O fisioterapeuta também viaja, com certa frequência, para Caxias do Sul. Lá possui outra empresa e relata não encontrar dificuldades com o recarregamento nesse destino.
— Com base na minha experiência, aconselho a mudança. Só o quem tem que cuidar é o perfil do motorista, porque ainda é algo mais indicado para cidade. Isso me foi muito bem esclarecido pela concessionária no momento da compra. Ainda assim, para o Litoral e a Serra, existem opções de recarga que contemplam as minhas necessidades — avalia Duarte.
Ações tocadas pela iniciativa privada
Enquanto faltam políticas públicas no país, empresas disponibilizam alternativas aos usuários. Na concessionária Iesa, por exemplo, além dos pontos de carregamento nas lojas, existem dois postos de recargas no Litoral: na BR-101, em Osório, e no Parador Grupo Iesa, na Avenida Paraguassu, em Xangri-lá.

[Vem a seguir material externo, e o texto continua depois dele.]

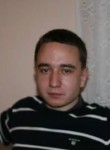 Dmitry , 35 лет, Люберцы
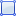 layer,select icon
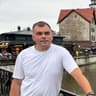 Iulian G | Taskuri.ro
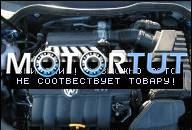 VW PASSAT 3C R36 3, 6 FSI V6 ДВИГАТЕЛЬ BLV 280 Л.С.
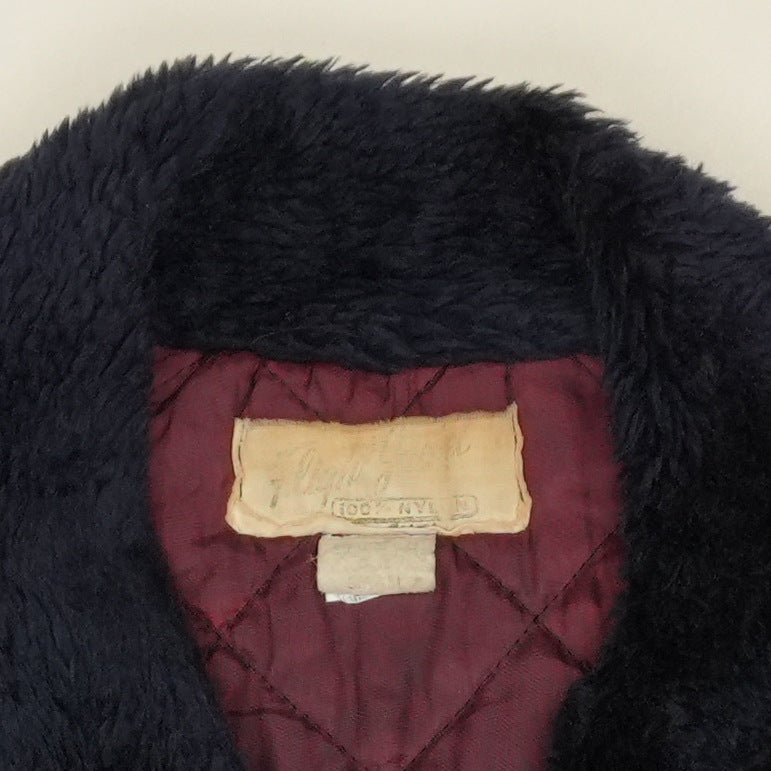 1976 Bob Seger Night Moves Promo Jacket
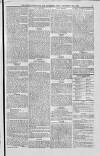 Bucks Advertiser & Aylesbury News Saturday 18 December 1847 Page 5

O diretor comercial Alexandre Barbosa conta que, até o ano passado, as vendas só eram efetuadas após a instalação necessária para o carregamento nas residências dos clientes. Outra iniciativa, da Volvo, que até o fim de 2022 pretende estar com a linha de produção 100% eletrificada, prevê a instalação de 300 pontos de carregamento na Região Sul.
O Estado possui uma das menores malhas de abastecimento do país. A ideia é que a própria iniciativa privada assuma esse papel e dê mais capilaridade para a rede de abastecimento
ALEXANDRE BARBOSA
Diretor comercial da Iesa
No Estado, há ainda um projeto da montadora Nissan com postos de combustíveis para oferecer, em localizações estratégicas nas rotas da Capital a Santa Maria e Pelotas, equipamentos de recarga. Todos os serviços ainda não têm previsão de cobrança para os motoristas.
— O Estado possui uma das menores malhas de abastecimento do país. A ideia é que a própria iniciativa privada assuma esse papel e dê mais capilaridade para a rede de abastecimento — comenta.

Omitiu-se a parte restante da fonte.